The leader of the dominant Shiite political bloc, the United Iraqi Alliance, is an Islamist and sectarian hardliner named Abdul Aziz al-Hakim. al-Hakim’s faction, the Supreme Council for the Islamic Revolution in Iraq, has been a proxy for Iran since the Iran-Iraq war, and it runs one of the more ruthless Shiite militias in Iraq, known as the Badr Corps — an organization that in 2005 ran Sunni torture chambers out of the Interior Ministry. If al-Hakim has any particular virtue, it’s that he’s also been willing to accept American sponsorship as well: way back in 2002 and 2003, he was an influential member of the Iraqi exile community working with the Bush administration, which rewarded him with a seat on the Iraqi Governing Council.

Yesterday, al-Hakim went to Tehran, where he was warmly received by the head of Iran’s security council, Ali Larijani.
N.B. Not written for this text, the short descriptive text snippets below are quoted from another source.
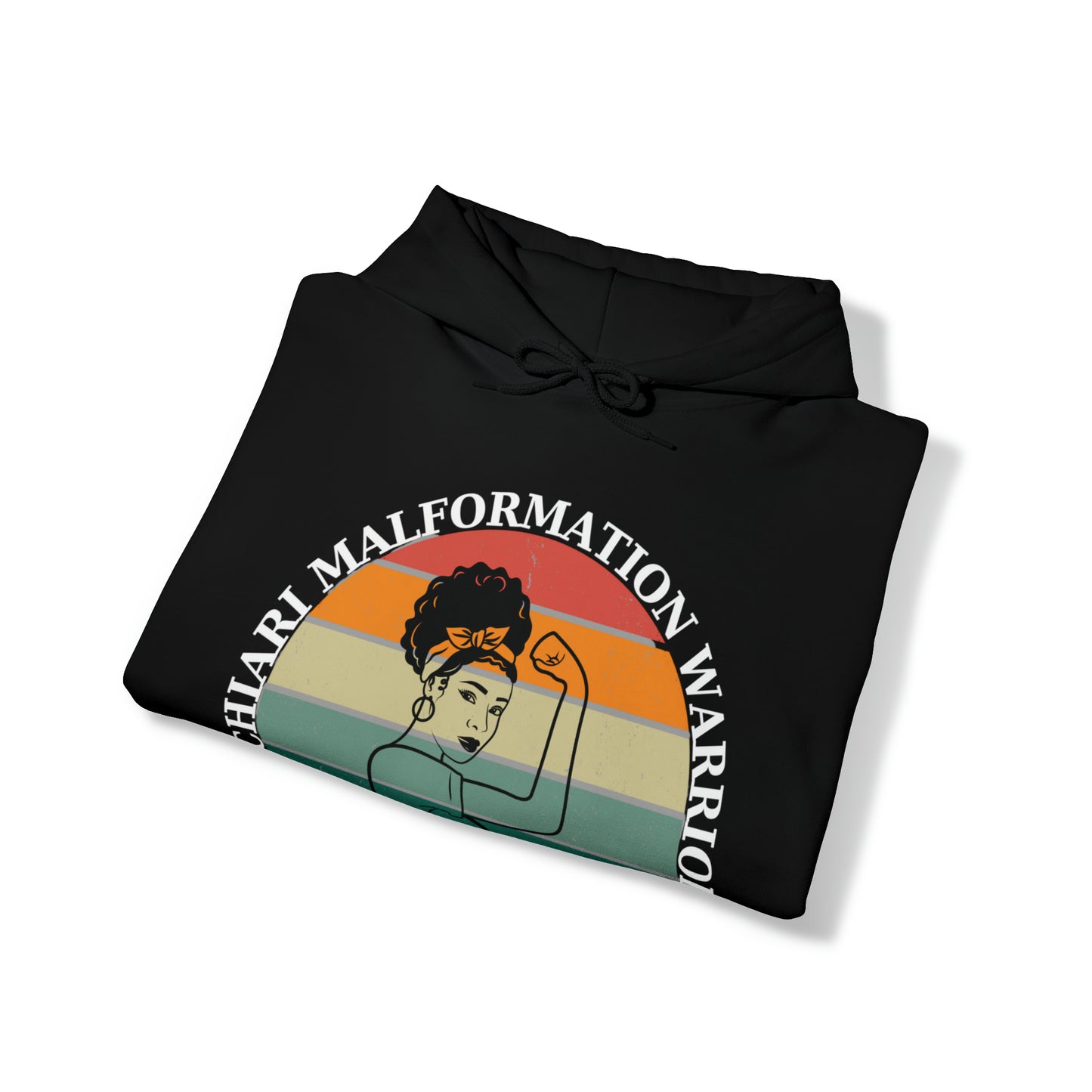 Chiari Malformation Warrior Heavy Blend™ Hooded Sweatshirt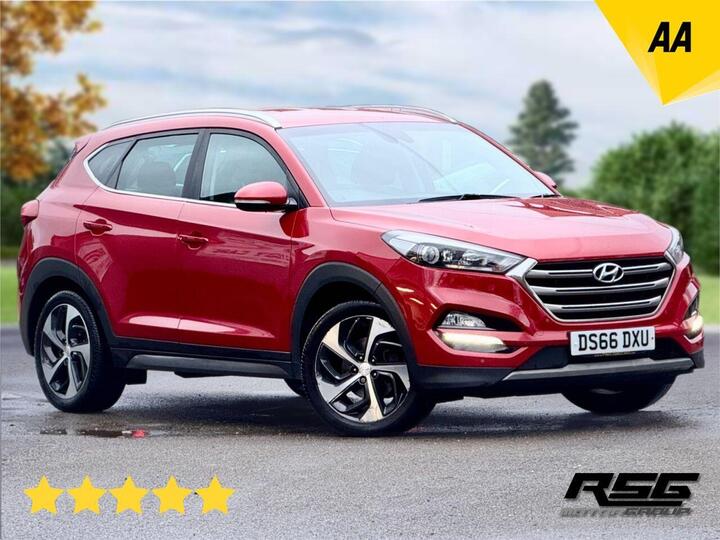 Hyundai TUCSON 1.7 CRDi Blue Drive Premium DCT Euro 6 (s/s) 5dr
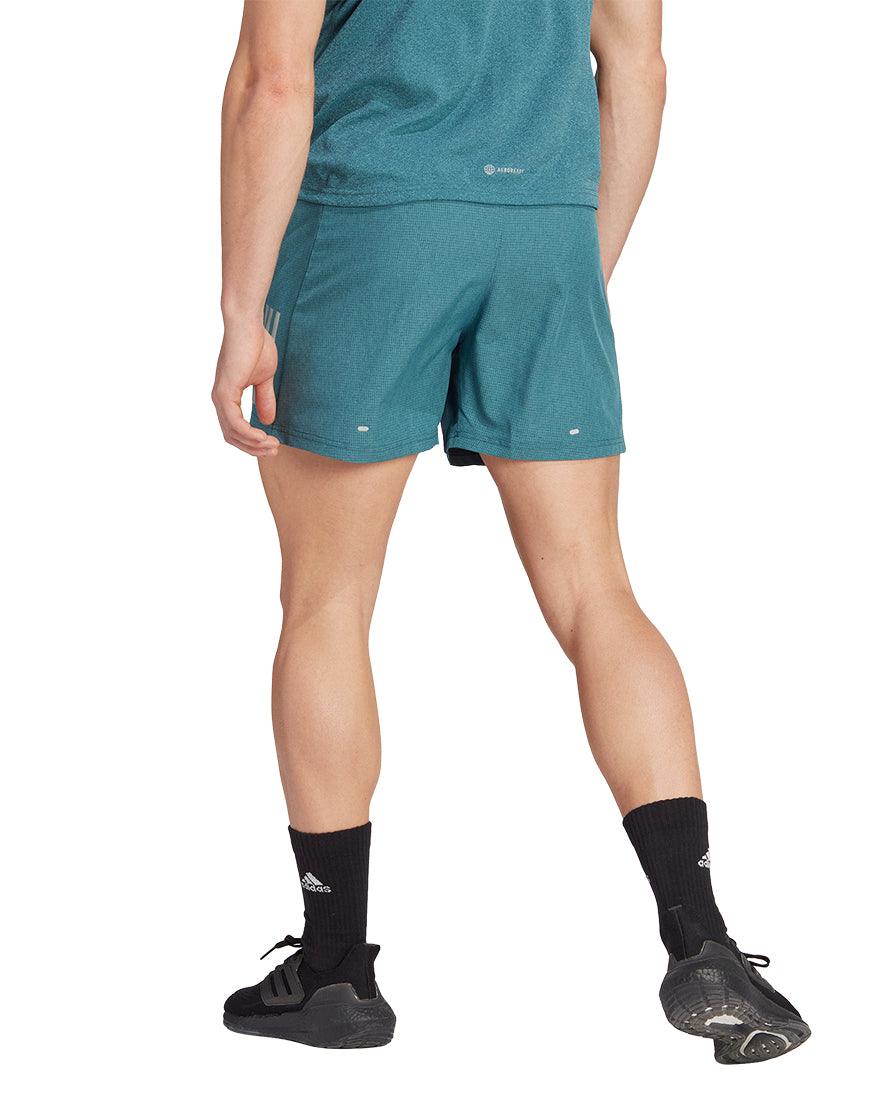 Men's Own the Run Heather Shorts :Arctic Night Mel - Image 4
He had a mission — to publicly urge U.S.-Iranian diplomatic contact. “Negotiations between Iran and the United States are useful for the whole region,” he was quoted as saying.

There are two points to be made here. The first, narrower point, is that even those Iraqis the U.S. is allied with want a reduction in the level of hostility between Washington and Tehran. That hostility is increasing by the day: the Iranians are blaming the U.S. for the abduction of an Iranian diplomat in Baghdad yesterday, a charge the U.S. denies. The larger point, however, is that the logic of the war is to deliver Iraqi politics into the hands of men who are closer to Tehran than to Washington. Remember that the surge is designed to deliver breathing room for the Iraqi government — a government in the hands of hardline Shiites like al-Hakim. Indeed, Bush welcomed al-Hakim to Washington in December, and according to Sunday’s Washington Post, a faction within the administration considers him more reliable an ally than PM Nouri al-Maliki:

As they put the plan together, officials held heated internal debates over whether Maliki was the right man to head such an effort. Some argued in favor of engineering a new Iraqi government under Maliki’s Shiite coalition partner, Abdul Aziz al-Hakim, head of the Supreme Council for the Islamic Revolution in Iraq (SCIRI), and Hakim’s political stalking horse, Iraqi Vice President Adel Abdul Mahdi.

The reason the administration stuck with Maliki? According to an official quoted by the Post, sidelining him in favor of al-Hakim would be “too hard.”

It’s ironic that we’d get a fuller understanding of who really benefits from the surge by a visit to Tehran by an Iraqi ally of the administration, but there it is. Don’t expect that to be debated on the Senate floor any time soon, however.